It’s painful being a homeowner with a remortgaging deadline approaching. But perhaps not as painful as being a tenant.
Figures from the Office for National Statistics last month showed that while 45 per cent of the bill-paying population found energy hard to afford and 30 per cent of those with rent or mortgages found payments tricky, the picture was about 15 percentage points worse among renters than indebted homeowners.
That’s not entirely surprising. Renters’ personal finances are more strained than their owner-occupier counterparts. They spend more of their income on rent than homeowners do on mortgages — around a third of average earnings. In London, official data marks rent as unaffordable for everyone but those on higher incomes. The only English regions where it is affordable for those on lower incomes are the East Midlands and the North West.
The question is how much worse it will get as mortgage rates rise — and what that means for England’s landlords and their lenders (Scotland has imposed rent controls). And it’s complicated.
There’s a dearth of reliable data about the private rental sector. Still, the basic story is that there’s a squeeze going on with demand significantly outstripping supply. A combination of tax and legislative changes are probably to blame on the supply side. The effect of higher mortgage rates in pricing out first time buyers helps stoke demand, as Neal Hudson of BuiltPlace points out. Property portal Zoopla put rental demand at more than double its five-year average while the stock of homes for rent is close to 50 per cent below that benchmark.

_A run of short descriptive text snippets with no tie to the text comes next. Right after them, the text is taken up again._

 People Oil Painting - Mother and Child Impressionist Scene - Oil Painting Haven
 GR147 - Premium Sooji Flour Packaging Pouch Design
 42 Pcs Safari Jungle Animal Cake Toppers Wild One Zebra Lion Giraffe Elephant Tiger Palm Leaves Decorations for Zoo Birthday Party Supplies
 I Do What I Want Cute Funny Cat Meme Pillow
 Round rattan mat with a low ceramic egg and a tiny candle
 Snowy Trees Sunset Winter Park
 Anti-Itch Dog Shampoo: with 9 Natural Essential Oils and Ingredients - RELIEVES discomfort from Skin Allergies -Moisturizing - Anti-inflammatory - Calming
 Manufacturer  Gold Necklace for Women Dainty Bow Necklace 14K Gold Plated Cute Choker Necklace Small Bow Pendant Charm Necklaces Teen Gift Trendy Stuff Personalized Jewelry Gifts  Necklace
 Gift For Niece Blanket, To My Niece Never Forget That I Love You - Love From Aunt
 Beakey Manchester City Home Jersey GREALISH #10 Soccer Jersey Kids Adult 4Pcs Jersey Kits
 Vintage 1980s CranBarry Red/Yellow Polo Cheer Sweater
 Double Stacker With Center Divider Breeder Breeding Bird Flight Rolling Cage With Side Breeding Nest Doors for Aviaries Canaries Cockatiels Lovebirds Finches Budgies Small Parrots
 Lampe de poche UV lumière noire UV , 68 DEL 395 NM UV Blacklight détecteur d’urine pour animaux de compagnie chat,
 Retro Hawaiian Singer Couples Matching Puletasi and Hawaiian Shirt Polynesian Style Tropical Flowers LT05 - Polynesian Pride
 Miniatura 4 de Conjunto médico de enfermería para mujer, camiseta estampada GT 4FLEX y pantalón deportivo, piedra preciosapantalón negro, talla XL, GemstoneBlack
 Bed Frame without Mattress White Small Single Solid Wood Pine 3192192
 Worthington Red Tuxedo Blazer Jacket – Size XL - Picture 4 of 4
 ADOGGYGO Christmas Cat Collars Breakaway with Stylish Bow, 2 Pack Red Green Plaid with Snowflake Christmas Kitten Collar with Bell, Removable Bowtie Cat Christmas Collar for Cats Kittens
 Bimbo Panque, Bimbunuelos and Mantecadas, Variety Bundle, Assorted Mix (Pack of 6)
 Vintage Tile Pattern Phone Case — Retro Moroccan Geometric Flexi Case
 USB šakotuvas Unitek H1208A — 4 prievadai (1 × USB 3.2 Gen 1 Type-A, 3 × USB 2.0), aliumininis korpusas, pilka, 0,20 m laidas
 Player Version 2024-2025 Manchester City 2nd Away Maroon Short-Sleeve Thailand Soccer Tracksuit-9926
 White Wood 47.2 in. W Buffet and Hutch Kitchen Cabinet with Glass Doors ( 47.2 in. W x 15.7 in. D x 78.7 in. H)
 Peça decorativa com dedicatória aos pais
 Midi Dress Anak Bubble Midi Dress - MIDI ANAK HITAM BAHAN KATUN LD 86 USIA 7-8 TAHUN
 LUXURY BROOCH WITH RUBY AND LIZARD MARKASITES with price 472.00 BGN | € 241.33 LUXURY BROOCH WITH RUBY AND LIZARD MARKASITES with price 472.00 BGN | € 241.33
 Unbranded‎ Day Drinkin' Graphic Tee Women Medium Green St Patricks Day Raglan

The consequence has been higher rents — even if, because of a period of stagnation during the pandemic and income growth, the proportion of income spent on rent isn’t actually far out of line with the longer run average. Both Rightmove and Zoopla, which track new lettings, put the pace of annual rental growth at between 11 and 12 per cent in the third quarter of this year. That doesn’t include renewals, where rent rises are likely to be lower. Even so, the ONS data point to the fastest pace of rental growth since the start of its series in January 2016.
Combined with wider pressures on disposable incomes, the prospects for landlords to jack up rents further seems constrained. But whether that’s a problem for landlords or their lenders is a thornier issue.
With residential mortgage rates around 5.5-5.75 per cent, RBC analyst Benjamin Toms calculated last month that buy-to-let mortgage costs would increase by around £375 a month. If landlords passed on 75 per cent of that, it would equate to a 26 per cent increase in rents with just over half that falling in 2023, according to Toms.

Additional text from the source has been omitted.